August 17th, 2024: What It Means To Be Alive

Good morning, my dear guests. It's currently 1:20 AM as I begin writing this, and I've spent every day of the last week crying. I have been scared to death nearly every day ... of death. I think we all are on some level, but this fear has been much more active this week, perhaps after the recent realization that my graduation from college is soon.

This graduation was a blip on the horizon that 5 years ago, felt like it was going to be impossible to reach. I felt like my life was going to be stuck in this house forever, stuck in this building that confines the later half of my memories to my brain and reminds me of my -- so far -- kind and quiet life. And yet, it's here. The job search is tireless and fruitless, the eyes are restless and weary, and the tension in my house has all but gone away. I have no doubt feelings like this will come at every major capstone in my life, including its inevitable ... anyways.

I don't have the courage right now to approach the topic lightly. I understand that we are but a momentary spasm in the grand chaos of the universe, an unlikely miracle in all of this conscienceless void, and yet my heart yearns to live forever. My heart wants time to see all the art, all the joy, and all the happiness that the world seems to create. The spasms in my brain want it to live for as long as it possibly can, and now that the spasms understand the inevitable, they are misfiring the sadness of death as often as it can force itself. The brain fights to stay in the moment but the body must obey entropy.

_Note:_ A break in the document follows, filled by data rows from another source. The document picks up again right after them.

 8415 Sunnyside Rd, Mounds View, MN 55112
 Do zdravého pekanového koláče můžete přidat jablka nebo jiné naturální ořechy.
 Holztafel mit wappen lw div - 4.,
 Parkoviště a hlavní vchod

And with this, I realize the very reason for my robot-ification; the idea that I could logic away the fear and pain of the intrinsic finiteness of my own life was a great one for a 13 year-old-- hell, I could see it working for far longer if I was any dumber. In fact, the abstraction of it all; specifically, that last concept of the last paragraph: "spasms misfiring the sadness of death" is the only reason I can shake away the debilitating fear of acknowledging it all enough to keep writing.

No wonder I identify with robots, vampires, and virtual realities; all things that will live far longer than I will, and have far few weaknesses than the slightly overweight and sedentary young adult. No wonder nostalgia is so powerful, no wonder adaptation is so difficult, no wonder I keep accidentally writing myself down as a "teenager" or putting down the last year instead of the current one.

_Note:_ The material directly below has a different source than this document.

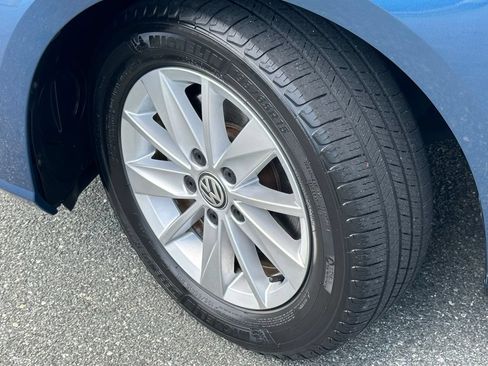 Used 2018 Volkswagen Golf S FWD image 34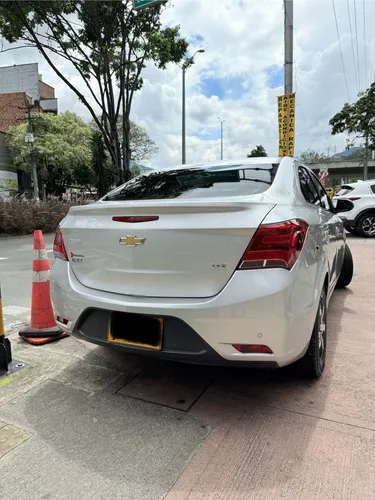 Chevrolet Onix 1.4 Ltz 4 p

And yet, the world is beautiful and forever moving. So, I must keep fighting to see the future. I must see how it all plays out. I cannot allow myself to die until the very last moment. I must seek every opportunity for health, wellness, and success that I am given.

Tomorrow, I will eat blueberries for breakfast and attempt a 10-minute mile.

We'll see how much sadness of death lingers at the end.

Your half-robot,

DW

P.S. Still not suicidal :)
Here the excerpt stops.